This review may contain spoilers. I can handle the truth.
Jay D 's Watching’s review published on Letterboxd:
This review may contain spoilers.
Okay, few things about Midsommar, no particular order:
1. Two movies in, and it feels very much like Ari Aster has a 'type' of film-like this has differences from Hereditary, but if you've seen that one, it's hard not to make comparisons (I was not a big Hereditary fan, but liked this more in a number of ways). At the same time, both of those films feel like...young person's horror in the sense that they're very focused around people trying to figure out how they fit into the world around them, and being upset when they don't. Curious to see what happens with Aster's work as he keeps aging, and if I keep liking it more-there's a definite chance he could knock me over in a couple of films, way he's going.
2. One of the main reasons is that while Aster is good at framing shots and editing (this really is a film for the One Perfect Shot crowd, and there's a lot of judicious cutting to hold stuff back from the viewer/imply/contrast for not always reasons of tension) but he's REALLY good at sound editing and use of noise and music. That opening sequence of shots of the frozen Swedish landscape with the weird primal humming at the beginning, before the sudden cut to America and the interruption of the answering machine really is both remarkably efficient, and a good hook on a primal sensory level for the clash between two worlds/worldviews that you're going to get through the rest of the film's running time.
3. Florence Pugh > Toni Collette
4. One reason why I liked this more than Hereditary I think, was that it was FUNNIER. Like, consistently. It leans into the weirdness of the situation, and it feels like it's grabbing throughout at the observational humor of the awkwardness that would naturally come with being in a situation like this. I mean, if nothing else, you can take the entire thing as a cautionary tale/Bleak dark joke at the expense of Graduate Studies. The whole 'I want to do my thesis, and my friend wants to do his thesis, and my other friend is just a horny clumsy dork' is a pretty good explanation for why the males don't DO ANYTHING BEFORE IT'S TOO LATE. (I mean, it still is a bit of a stretch when characters start going missing with awkward cover stories after that cliffside scene, but it works about as well as it could, is my point)
5. The spooky incest coloring oracle boy was probably a weak link-didn't go anywhere, felt unnecessary and clumsy for an attempt at shock value. As did the brief sightings of the dead family members in the 2nd half.
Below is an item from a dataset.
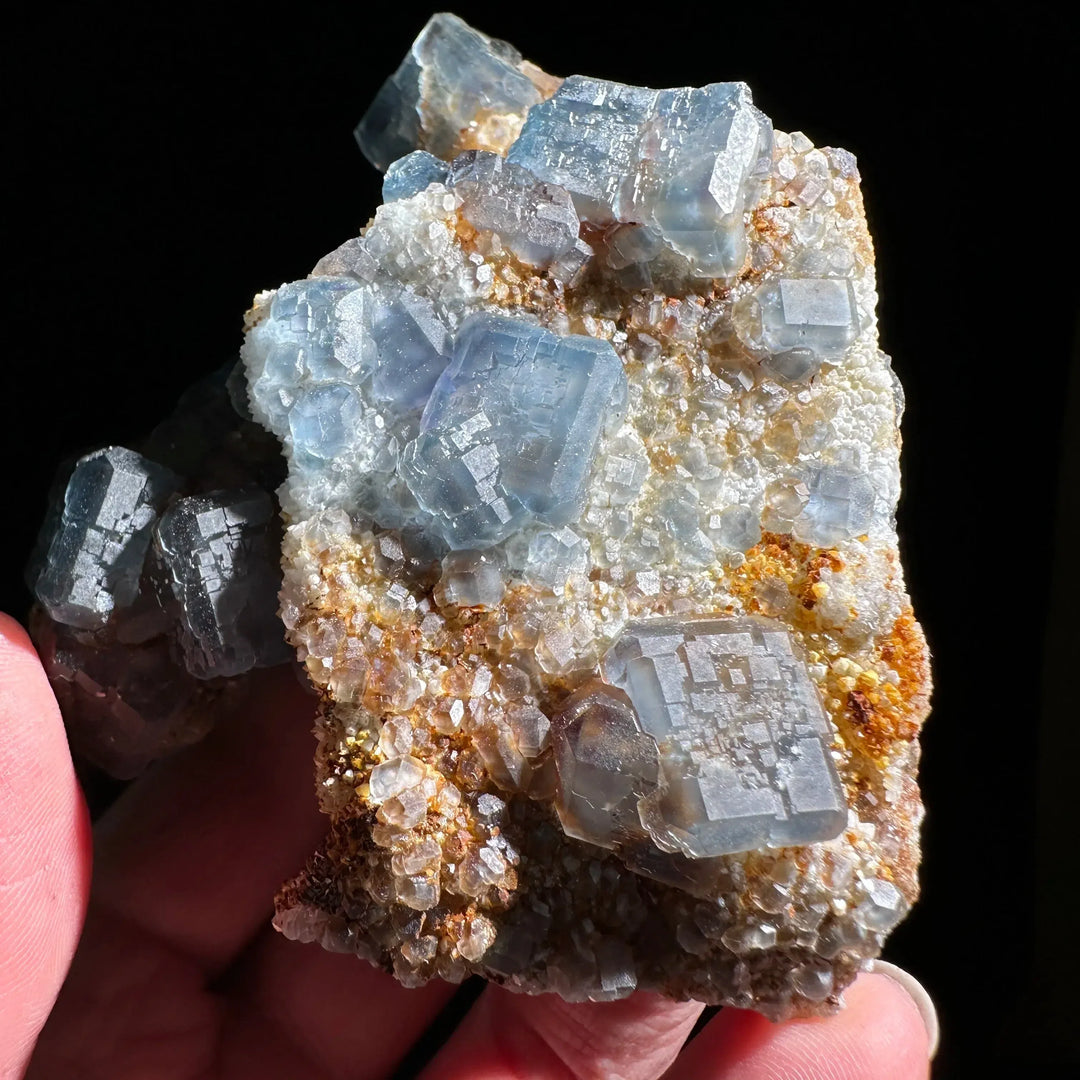 Blue Fluorite with Quartz Cluster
6. Pugh did a great job, as I mentioned--her character on the other hand, is kind of painful to watch in a different sense than Collette's. One of the interesting things about the film is that the folk horror part is expected, but throws you off-balance right at the beginning with the murder/suicide--Pugh has already been shattered at the start of the film, she's still putting herself back together, and so there's a bit of a question throughout--is she in danger? What does she still have to lose? Her life? Her sanity? Her relationship? (Turns out to be the relationship. D'oh!) and while I've read a few reviews that seemed to take it as a great breakup movie* or as an ending that was empowering for her, the end of the film didn't really play that way for me---It did really feel like a bit of a horror film struggle between two opposing terrors--the aimless nightmare of the meaningless void and oblivion, the whole 'nothing matters'/self-annihilation of oneself and those around you in the opening scene--the whole indifferent universe idea, contrasted with the terror of a structured religious/social order where everything has purpose and rules that you don't know and that are very, very, damaging to you. In that sense, Pugh may have found happiness, but she's LITERALLY weighed down/imprisoned by her flower costume at the end, and even though she's smiling, it still felt like Happiness in Slavery to me (I mean, if she stays with the Swedes, y'all, they did say they plan out their breeding relationships astrologically and what not-I'm not sure there's a lot of self-empowerment going on here, as cathartic as it is to see Jack Reynor's shellshocked expression in his bear costume)
7. That first shot of the bear, by the way, the Austin Powers gag, and Reynor's facial expressions when the other women take his hand and sing to him/start smacking his butt during the sex scene---all VERY near laugh out loud moments for me. Like I said, this is an unexpectedly funny film.
8. Just to bring it back to #6, and the inevitable Hereditary comparisons--it's sort of interesting that while the specific details have changed, Aster has made two movies that basically feature the same ending, with one of the main characters finding themselves transformed/taking on a new name and role in a weird spooky religious organization with methods that display cruelty and indifference for individual suffering, after displaying an inability to function effectively in the 'Really real' world. Again, if it works better this time around, I think it's the layers of morbid comedy built into the film--if Aster really isn't that comfortable with horror, maybe he should cut out the murderous cults and demons and make a straight comedy next? I suspect it would actually be pretty good.
9. There were no walkouts in my film showing, although there was a couple having an excited argument about the film when I walked past, with one person doing the whole 'You're the one who wanted to see it!' thing. I guess the moral of the story is, not a date movie.